M. B. I. Reaz1, Nowshad Amin2, M. I. Ibrahimy1, F. Mohd-Yasin3, A. Mohammad3 
 
1Department of Electrical and Computer Engineering, International Islamic University Malaysia, 53100 
Kuala Lumpur, Malaysia 
2Dept. of Electrical, Electronic and System Engineering, Faculty of Engineering, National University of 
Malaysia, 43600 UKM, Bangi, Selangor, Malaysia 
3Faculty of Engineering, Multimedia University, 63100 Cyberjaya, Selangor, Malaysia 
 
ABSTRACT 
 
A Zero Skew Clock Routing Methodology has been 
developed to help design team speed up their clock tree 
generation process. The methodology works by breaking up 
the clock net into smaller partitions, then inserting clock 
buffers to drive each portion, and lastly, routing the 
connection from original clock source to each newly 
inserted clock buffers with zero skew. A few Perl scripts 
and a new Visual Basic based routing tool have been 
developed to support the methodology implementation. The 
routing algorithm used in this tool is based on the Exact 
Zero Skew Routing Algorithm. The methodology has been 
tested using a real design database and resulting in a 
significant improvement in the through put time required to 
complete the clock tree generation.

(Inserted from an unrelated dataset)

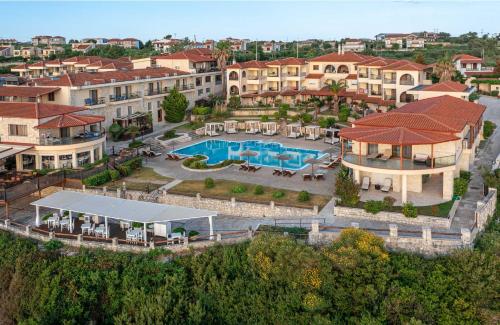 Kolam renang di atau dekat dengan Blue Bay Halkidiki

This improvement is 
attributed to the ability to generate clock tree on much 
smaller portions of clock nets that supports of speeding up 
the clock tree generation process in IC design. 
 
Index Terms— Zero skew, Clock routing, Clock tree 
generation, IC design 
 
1. INTRODUCTION 
 
At a deep submicron (DSM) silicon technology levels, it 
is now feasible to integrate all major function of an end 
product in a single system-on-a-chip (soc) silicon die [1]. 

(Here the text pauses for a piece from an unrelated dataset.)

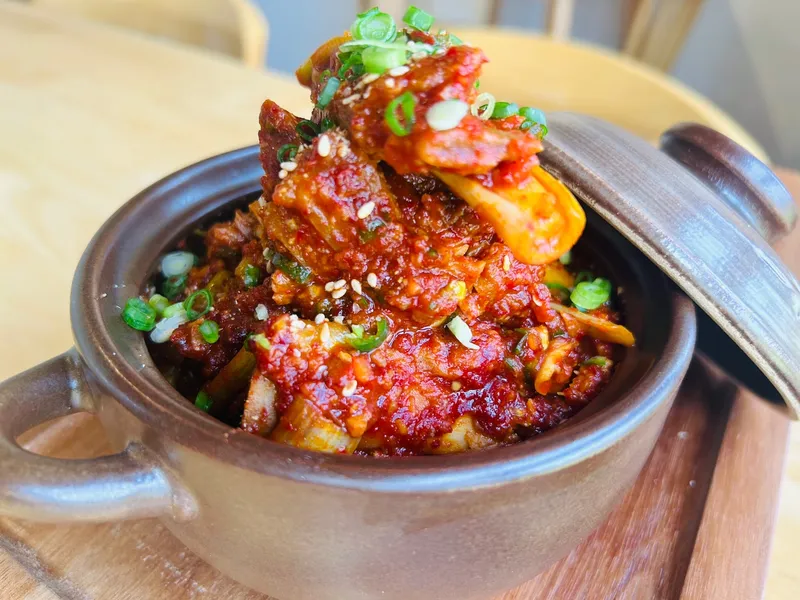 Best Korean-style pork trotters in Jeju City - Hyeopjae Ondajeong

However, almost all of these chips are still designed based 
on synchronous clock design. Physically, the clock signal is 
distributed from an external pad to all similarly clocked 
synchronizing elements through a distribution network that 
includes clock distribution logic and interconnects. It serves 
to unify the design by determining the precise instance in 
time that the synchronizing elements change state.  In order 
to improve chip performance, i.e. to make the chip operates 
at faster clock speed; the chip designer must ensure that the 
clock signal is distributed to all the synchronizing elements 
in the design at the same time. Non-optimal clock behavior 
is typically caused by either one of these two phenomena: 
the unbalanced routing to the chip’s synchronizing elements, 
or the non-symmetric behavior of the clock distribution 
logic [2].  The problem is further complicated by the 
massive size of modern chip design and the fact that the 
design usually utilizes more than one clock signal to sync up 
its function. Each of these clocks may operate at different 
frequencies [3]. therefore the common challenge faced by 
all chip designers is how can they create a perfect clock 
distribution scheme that could guarantee all the timing 
elements scattered all over the chip are activated by the 
same edge of the clock signal simultaneously. The 
maximum difference between the arrival times from the 
clock source to the elements is defined as the clock skew [4, 
5]. The ideal case is to have all the elements sync up at the 
same time, which would mean no skew.  
The benefits of a zero skew clock distribution are well 
known and have been proven to affect the performance of a 
chip significantly. Many researches have pointed out that 
minimizing clock skew is the most important task when 
designing a clock network. Works, such as [2, 6, 7], have 
led to many other studies and researches on how to balance 
a clock network and achieve the zero clock skew target. 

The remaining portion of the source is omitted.